Le Devoir

14 septembre 2016 |Pauline Gravel | Science et technologie

Laisser les jeunes enfants regarder la télévision plus de deux heures par jour augmente significativement le risque qu’ils vivent des relations sociales dysfonctionnelles au moment de l’adolescence, indique une étude longitudinale menée auprès d’enfants québécois.

En analysant les renseignements obtenus sur 991 filles et 1006 garçons nés au Québec en 1997 et suivis depuis leur naissance, la professeure Linda Pagani, de l’École de psychoéducation de l’Université de Montréal, avait précédemment relevé que, parmi ces enfants, ceux qui avaient été abondamment exposés à la télévision sans supervision à l’âge de deux ans et demi étaient, à la maternelle, plus souvent victimes de bousculade, de moquerie et de mesquinerie que les autres élèves. La chercheuse avait également noté que le phénomène était toujours présent en 2e année et en 4e année.

Selon Mme Pagani, les résultats de l’étude qui viennent d’être publiés dans la revue Psychological Medicine confirment les méfaits d’une écoute excessive de la télévision en bas âge sur le comportement social plus tard dans la vie puisque ce sont les jeunes eux-mêmes, alors âgés de 13 ans, qui ont décrit leurs propres comportements antisociaux.

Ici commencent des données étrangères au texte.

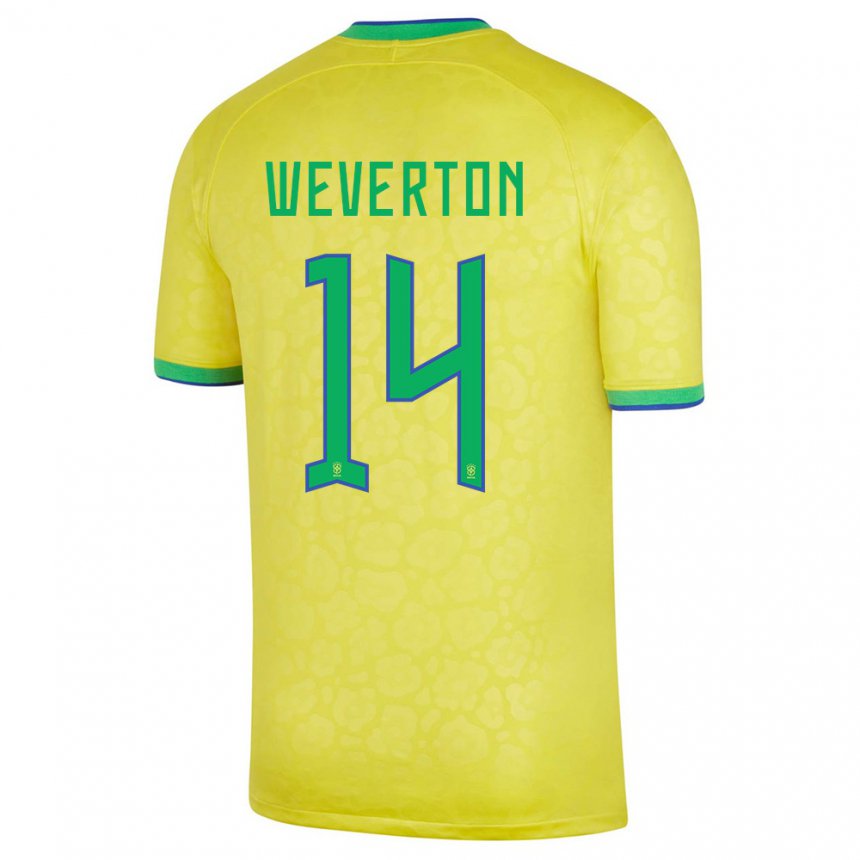 Mujer Camiseta Brasil Weverton #14 Amarillo 1ª Equipación 22-24 La Camisa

« Ces jeunes qui venaient de terminer leur première année de secondaire ont avoué être plus souvent victimes de bousculade, de moquerie et de mesquinerie, et ont révélé une préférence pour la solitude. Qui plus est, ces jeunes présentaient plus de comportements antisociaux, comme vandaliser ou voler les biens d’autrui, mentir, tricher, ou exclure une personne quand ils sont fâchés avec elle. Ils étaient aussi plus enclins à faire preuve d’agressivité proactive, comme menacer les autres par la peur, encourager les autres à se moquer ou à embêter quelqu’un qu’ils n’aiment pas dans le but de dominer », précise-t-elle.

Développement du cerveau

Et plus ces jeunes avaient passé de temps devant la télé à l’âge de deux ans, plus ils étaient à risque de présenter un comportement social problématique à l’âge de 13 ans. Linda Pagani explique cette augmentation du risque par le fait que c’est durant la période postnatale que s’établissent les connexions entre les neurones du cerveau. « Cette phase du développement concerne toutes les parties du cerveau, y compris le cerveau social, où survient un intense réseautage [entre les neurones]. Et pour que ce réseautage se fasse correctement, l’enfant doit expérimenter plein d’interactions sociales. Or les jeunes enfants qui restent plusieurs heures devant la télé consacrent ainsi moins de temps à des activités enrichissantes qui favorisent le développement des fonctions du cerveau social, lesquelles servent notamment à résoudre les problèmes interpersonnels et à réguler ses émotions », explique la chercheuse.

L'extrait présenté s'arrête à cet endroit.